Tecnis, il cda sull’interdittiva antimafia «Ampia collaborazione con la prefettura»

«Individuare il percorso più rapido ed efficace per garantire la continuità nell’attività di impresa e il rispetto degli accordi di ristrutturazione dei debiti, in corso di perfezionamento con i fornitori e il sistema bancario». Tecnis – l’azienda i cui fondatori Mimmo Costanzo e Concetto Bosco Lo Giudice sono finiti agli arresti domiciliari per il presunto coinvolgimento in un giro di tangenti e mazzette nei lavori pubblici dell’Anas – risponde con una nota dopo la notizia della sospensione della certificazione antimafia disposta dalla prefettura di Catania.

L’interdittiva, notificata lo scorso 12 novembre, si baserebbe su un’indagine della Dia etnea del 2014. Gli inquirenti hanno verificato subappalti e forniture di materiale e i possibili collegamenti con Cosa nostra. Le forze dell’ordine avevano effettuato alla fine di luglio 2014 alcune perquisizioni nei cantieri dell’interporto alla zona industriale e in quelli del raddoppio ferroviario nel capoluogo catanese.

«Il cda di Tecnis ha delegato immediatamente i suoi legali a rappresentare al prefetto di Catania la più ampia collaborazione», assicura l’azienda. Il consiglio d’amministrazione è stato riorganizzato dopo l’operazione Dama nera nella quale, oltre a Costanzo e Bosco Lo Giudice, sono stati coinvolti alti dirigenti dell’Anas. I due imprenditori ai domiciliari hanno lasciato il posto nel board ed è stata disposta la nomina dell’ex direttore nazionale della Direzione investigativa antimafia Tuccio Pappalardo come presidente dell’organismo di vigilanza. Per questo motivo, «avendo già avviato un processo di radicale riorganizzazione dell’azienda», la società «auspica che la momentanea difficoltà derivante dall’intervento prefettizio sia superata rapidamente, con la conferma della fiducia nel piano industriale dell’azienda». 

Il provvedimento della prefettura di pochi giorni fa è «fondato su argomentazioni coperte da segreto di ufficio e quindi non divulgabili senza incorrere in sanzioni penali», sottolineano i referenti dell’impresa.
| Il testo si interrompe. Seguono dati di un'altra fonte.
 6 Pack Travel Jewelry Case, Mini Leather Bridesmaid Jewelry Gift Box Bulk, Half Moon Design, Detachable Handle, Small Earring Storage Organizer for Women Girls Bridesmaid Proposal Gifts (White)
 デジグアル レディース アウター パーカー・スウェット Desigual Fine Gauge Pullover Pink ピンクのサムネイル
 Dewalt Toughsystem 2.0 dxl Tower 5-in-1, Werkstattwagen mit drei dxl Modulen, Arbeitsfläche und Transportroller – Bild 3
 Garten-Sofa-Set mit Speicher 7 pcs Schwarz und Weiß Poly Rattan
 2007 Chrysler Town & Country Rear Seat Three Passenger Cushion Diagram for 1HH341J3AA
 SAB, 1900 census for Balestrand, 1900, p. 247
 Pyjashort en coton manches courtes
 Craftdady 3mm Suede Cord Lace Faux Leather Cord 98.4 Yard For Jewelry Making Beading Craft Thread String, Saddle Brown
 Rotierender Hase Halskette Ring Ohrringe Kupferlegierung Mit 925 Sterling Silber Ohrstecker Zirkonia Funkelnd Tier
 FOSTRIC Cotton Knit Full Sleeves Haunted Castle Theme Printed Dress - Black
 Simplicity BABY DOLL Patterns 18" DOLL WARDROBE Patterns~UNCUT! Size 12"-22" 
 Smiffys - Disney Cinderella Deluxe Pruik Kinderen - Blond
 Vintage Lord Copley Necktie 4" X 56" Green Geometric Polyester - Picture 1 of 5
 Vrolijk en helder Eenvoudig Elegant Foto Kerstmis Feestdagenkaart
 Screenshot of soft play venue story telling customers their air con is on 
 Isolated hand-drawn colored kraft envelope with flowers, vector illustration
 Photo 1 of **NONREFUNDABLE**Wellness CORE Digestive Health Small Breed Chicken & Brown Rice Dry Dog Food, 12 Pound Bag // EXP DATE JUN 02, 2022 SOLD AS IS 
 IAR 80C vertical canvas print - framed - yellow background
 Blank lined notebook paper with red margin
E continuano: «La prefetta di Catania ha subito manifestato grande sensibilità, comunicando alle stazioni appaltanti l’intenzione di valutare l’applicazione delle misure di commissariamento delle imprese, previste dalla legge, per garantire la continuità di funzione e i servizi indifferibili per la collettività, nonché per salvaguardare i livelli occupazionali».